Exercise instructions – Which lines run from the line with "A modern, blue" through the line with "Bedroom with light" in the entries below? Print them exactly, both ends included, and nothing more.

Entries provided –
· · · · · · ·
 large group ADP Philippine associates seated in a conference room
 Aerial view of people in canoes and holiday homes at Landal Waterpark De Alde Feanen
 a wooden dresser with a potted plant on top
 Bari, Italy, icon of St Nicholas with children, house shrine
· · · · · · ·
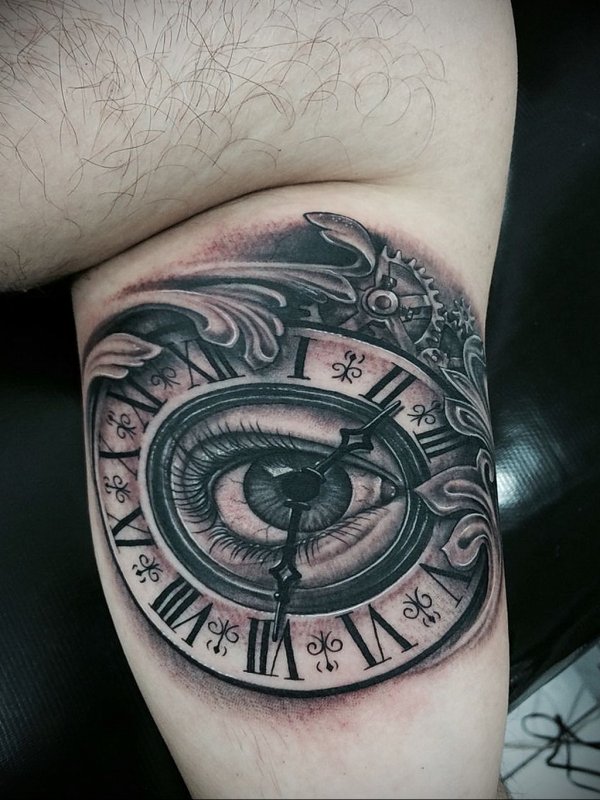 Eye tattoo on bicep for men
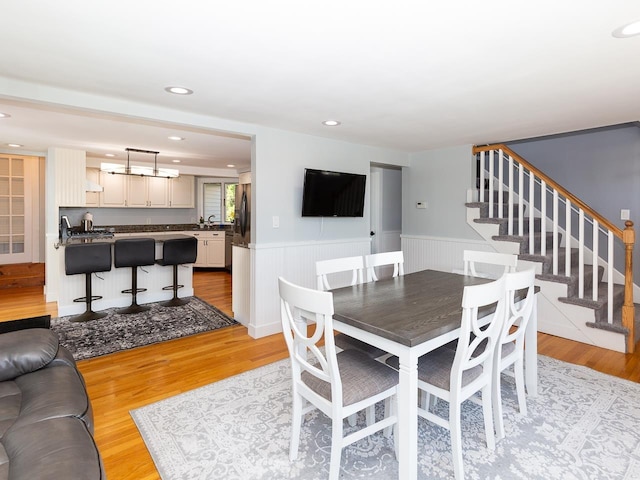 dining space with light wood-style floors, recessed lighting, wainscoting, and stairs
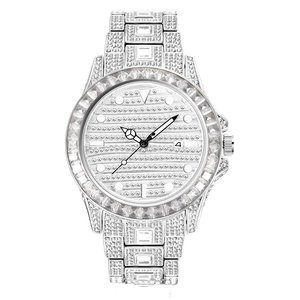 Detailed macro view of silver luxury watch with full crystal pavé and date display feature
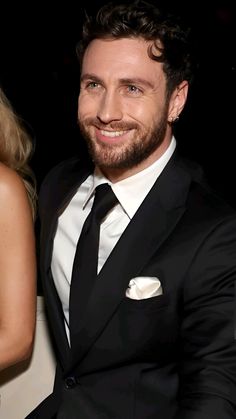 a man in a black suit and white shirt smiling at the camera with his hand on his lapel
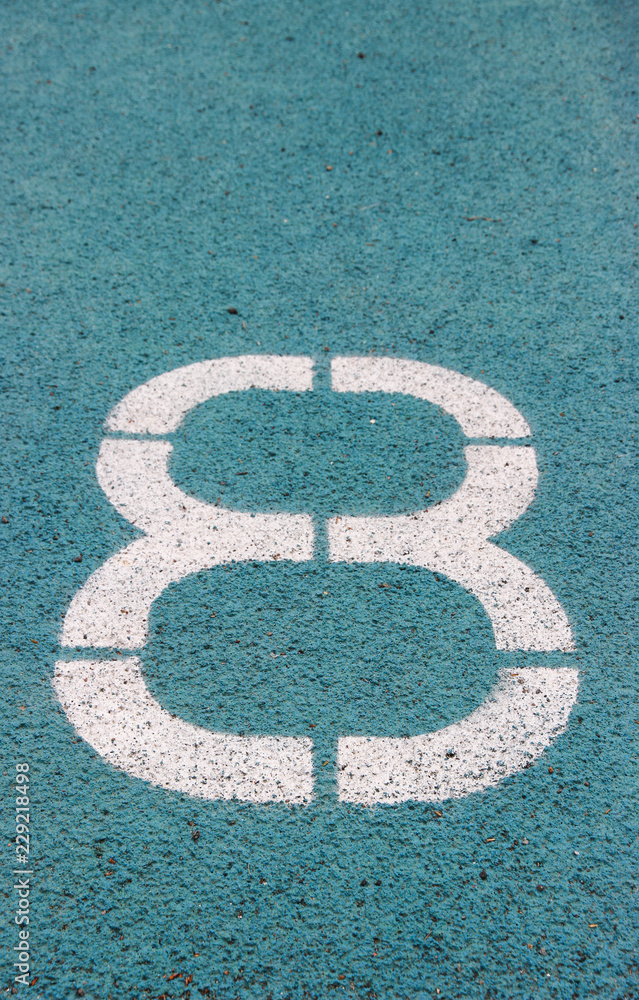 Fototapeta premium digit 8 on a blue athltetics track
· · · · · · ·
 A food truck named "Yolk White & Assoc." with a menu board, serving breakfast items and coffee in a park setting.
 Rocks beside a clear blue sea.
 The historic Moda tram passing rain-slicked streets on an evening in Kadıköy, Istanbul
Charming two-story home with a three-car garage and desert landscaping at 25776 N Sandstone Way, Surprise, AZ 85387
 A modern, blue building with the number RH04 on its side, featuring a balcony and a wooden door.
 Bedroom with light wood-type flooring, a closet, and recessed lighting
· · · · · · ·
Solution for this exercise –
 A modern, blue building with the number RH04 on its side, featuring a balcony and a wooden door.
 Bedroom with light wood-type flooring, a closet, and recessed lighting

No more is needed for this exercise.